START DATA SECTION
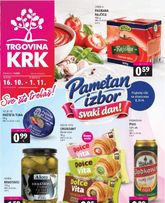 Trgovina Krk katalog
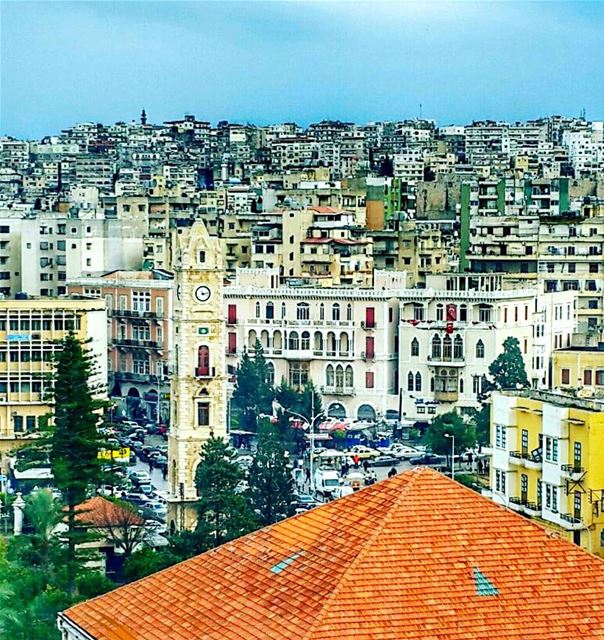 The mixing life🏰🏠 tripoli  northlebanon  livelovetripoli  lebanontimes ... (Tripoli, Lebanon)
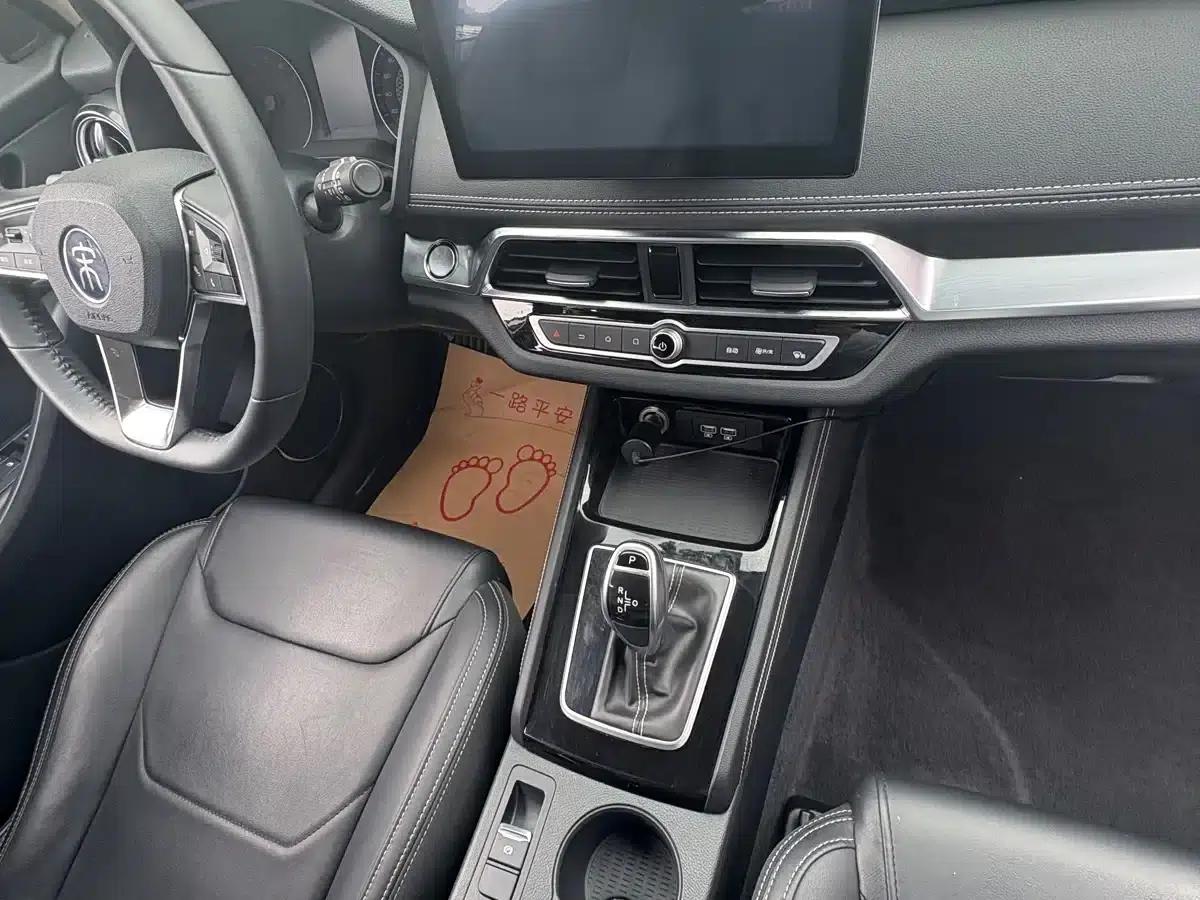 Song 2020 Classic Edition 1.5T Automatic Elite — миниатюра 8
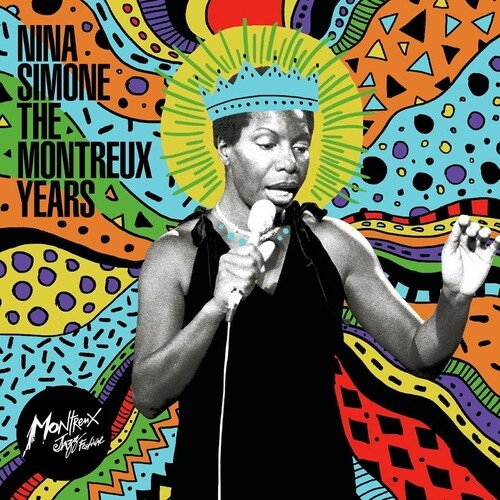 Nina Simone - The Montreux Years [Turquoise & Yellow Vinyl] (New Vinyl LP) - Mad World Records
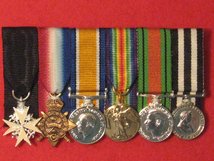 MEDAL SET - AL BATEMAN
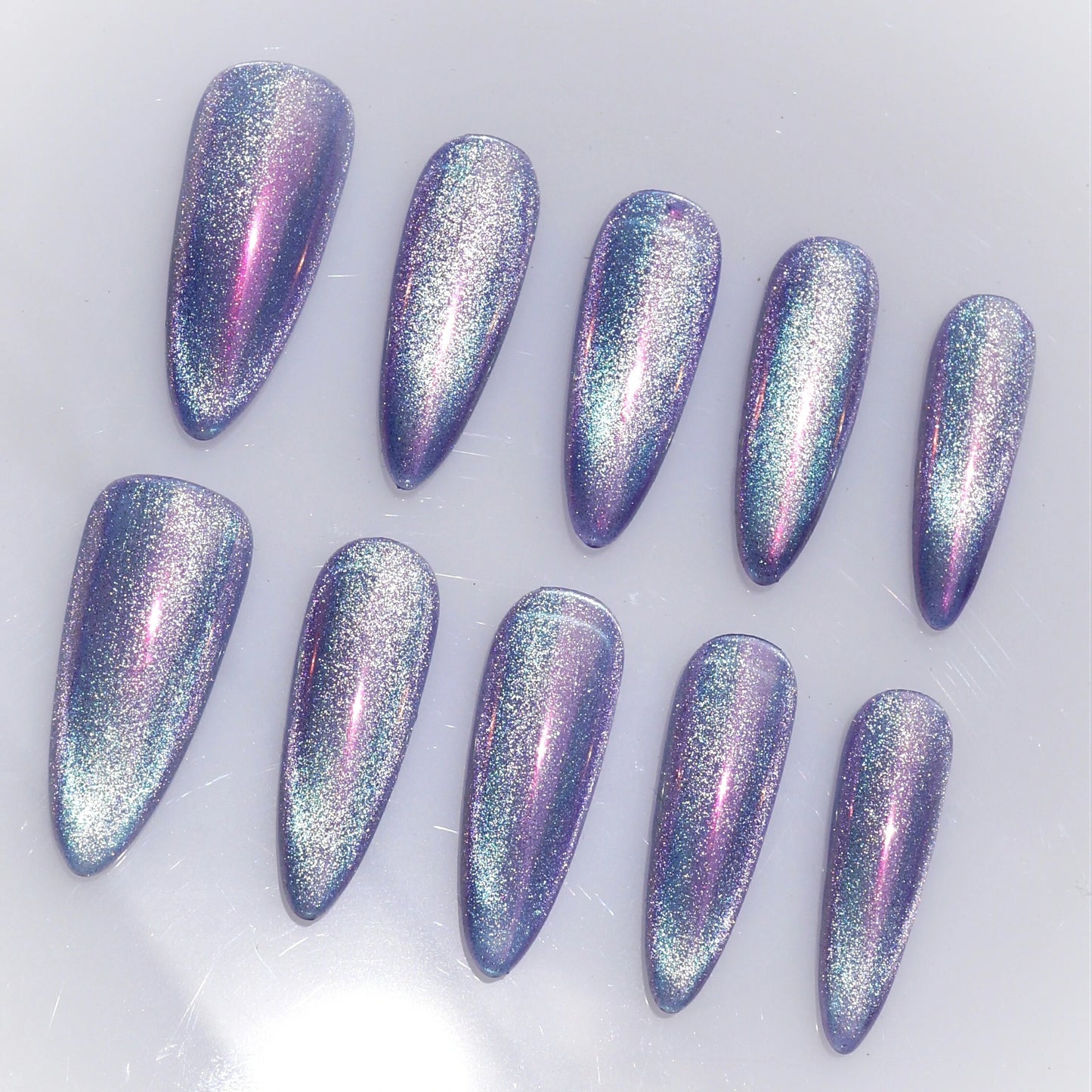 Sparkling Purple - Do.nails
END DATA SECTION
■ TASK TO CARRY OUT
Starting at the line that contains "The mixing life🏰🏠", please write out each line through the last line of the data, both ends included, and keep pictures out of the copy.

■ THE COMPLETED TASK
 The mixing life🏰🏠 tripoli  northlebanon  livelovetripoli  lebanontimes ... (Tripoli, Lebanon)
 Song 2020 Classic Edition 1.5T Automatic Elite — миниатюра 8
 Nina Simone - The Montreux Years [Turquoise & Yellow Vinyl] (New Vinyl LP) - Mad World Records
 MEDAL SET - AL BATEMAN
 Sparkling Purple - Do.nails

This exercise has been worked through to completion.